Por obra y gracia de la lectura, y a eso voy acabo de regresar de la manigua. He vuelto a ver a mi tío bisabuelo Serafín Sánchez Valdivia cuando aquella bala lo atravesó de lado a lado y nos dijo: “Me han matado. Eso no es nada. ¡Siga la marcha!”
Que siga, claro, pero “con todos y para el bien de todos”, como lo quiso su entrañable amigo que había caído en Dos Ríos, que los que hoy no tienen nada, ayer lo dieron todo y ahora mismo se mueren de ganas de ir a la Feria del Libro, ¡ah!, pero bien lo dijo Marx, el hombre come primero y después… compra libros. Aunque nos duela en las tripas, “están verdes”.
¿Y el hombre nuevo en todo esto?
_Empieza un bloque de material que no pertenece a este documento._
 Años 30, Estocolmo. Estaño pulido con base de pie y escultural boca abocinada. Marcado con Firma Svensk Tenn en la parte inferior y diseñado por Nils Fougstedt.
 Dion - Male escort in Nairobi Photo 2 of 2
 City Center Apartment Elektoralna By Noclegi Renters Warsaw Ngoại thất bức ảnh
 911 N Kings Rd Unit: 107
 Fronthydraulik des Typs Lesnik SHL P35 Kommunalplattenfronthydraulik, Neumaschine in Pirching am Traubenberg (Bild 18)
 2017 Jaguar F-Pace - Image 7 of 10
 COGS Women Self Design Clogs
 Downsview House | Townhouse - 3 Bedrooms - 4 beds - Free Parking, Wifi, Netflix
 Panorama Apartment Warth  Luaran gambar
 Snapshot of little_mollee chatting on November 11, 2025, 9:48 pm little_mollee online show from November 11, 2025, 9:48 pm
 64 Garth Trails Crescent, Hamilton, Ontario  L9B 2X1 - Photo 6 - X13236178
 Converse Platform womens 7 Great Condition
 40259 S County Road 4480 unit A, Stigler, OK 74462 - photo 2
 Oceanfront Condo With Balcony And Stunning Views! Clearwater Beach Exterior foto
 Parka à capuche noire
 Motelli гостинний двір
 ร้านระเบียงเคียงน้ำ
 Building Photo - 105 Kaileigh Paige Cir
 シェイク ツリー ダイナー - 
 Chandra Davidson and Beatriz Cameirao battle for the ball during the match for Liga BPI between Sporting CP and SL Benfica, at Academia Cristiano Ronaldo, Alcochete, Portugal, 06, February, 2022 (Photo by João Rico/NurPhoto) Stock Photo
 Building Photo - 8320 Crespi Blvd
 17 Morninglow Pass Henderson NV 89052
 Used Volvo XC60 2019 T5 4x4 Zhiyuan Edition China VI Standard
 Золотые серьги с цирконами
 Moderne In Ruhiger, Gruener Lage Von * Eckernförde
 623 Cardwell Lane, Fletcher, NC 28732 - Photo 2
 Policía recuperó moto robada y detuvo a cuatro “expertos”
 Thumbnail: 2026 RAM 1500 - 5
Bueno, sin el ánimo de generalizar, que no es sano, observo que con la ductilidad, la praxis propia de sus años y esa tendencia a “cogerle el golpe” a la realidad con relativo desenfado, si el “hombre nuevo” sigue adaptándose a las exigencias del “todopoderoso”, podrá sobrevivir, desde luego, pero también puede involucionar y convertirse en su contrario. Dura lex, sed lex.